Two days after violence rocked Nandigram, near Haldia, the situation remained tense on Friday. The administration, meanwhile, is looking for ways to calm tempers raised by the government’s ‘proposal’ to acquire land for a Special Economic Zone to be developed in the area.
On Friday, the police held a series of meetings with local leaders spearheading the movement against land acquisition for the Indonesian Salim group’s proposed project. The villagers, meanwhile, have agreed to lift their blockade from Saturday, though many of them dug up roads near Sonachura-Khejuri road again on Friday.
After the police assured the locals that they would not conduct any raids for at least the next three days, villagers in certain pockets of Nandigram’s Block-1 said they would restore normalcy and make the roads accessible again. “The meeting was successful,” said Arun Kumar Gupta, Inspector General of Police (I-G), Western Range. “The police will not enter the area till calm is restored.”

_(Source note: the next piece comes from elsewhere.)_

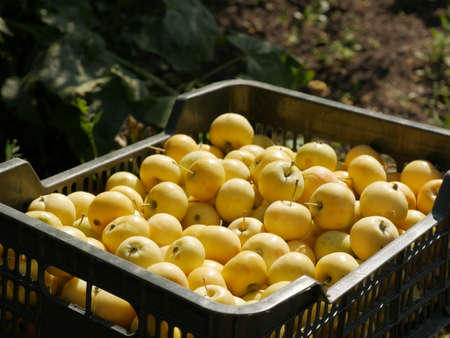Fresh healthy yellow apples are stored in a plastic box.の写真素材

Reiterating Thursday’s statement that outsiders were involved in the movement, Gupta said intelligence agencies have reported that illegal arms are being smuggled into the area.
Meanwhile, local SUCI leader Bhabani Prasad Das said the protestors are against violence. “We have urged the police to take immediate measures as the situation is slipping out of hand,” Das said. “Violence begets violence, and this might change the course of the movement.”
Earlier in the day, police detained seven men at a bus stop near Nandakumar, while another five were detained from nearby areas.
Infuriated by news of the detention, the villagers claimed that the men were innocent persons going to the state capital to rejoin work after the Eid vacation. Hundreds of people, with weapons in hand, came out on the roads as news spread in the area. “Police have agreed to release them,” SUCI’s Das said. In another development, PDS leader Samir Putotunda was stopped at Reyapara, near Nandigram, and not allowed to enter the area. SUCI has called a mass meeting tomorrow at Tanagar to decide on the future course of the movement.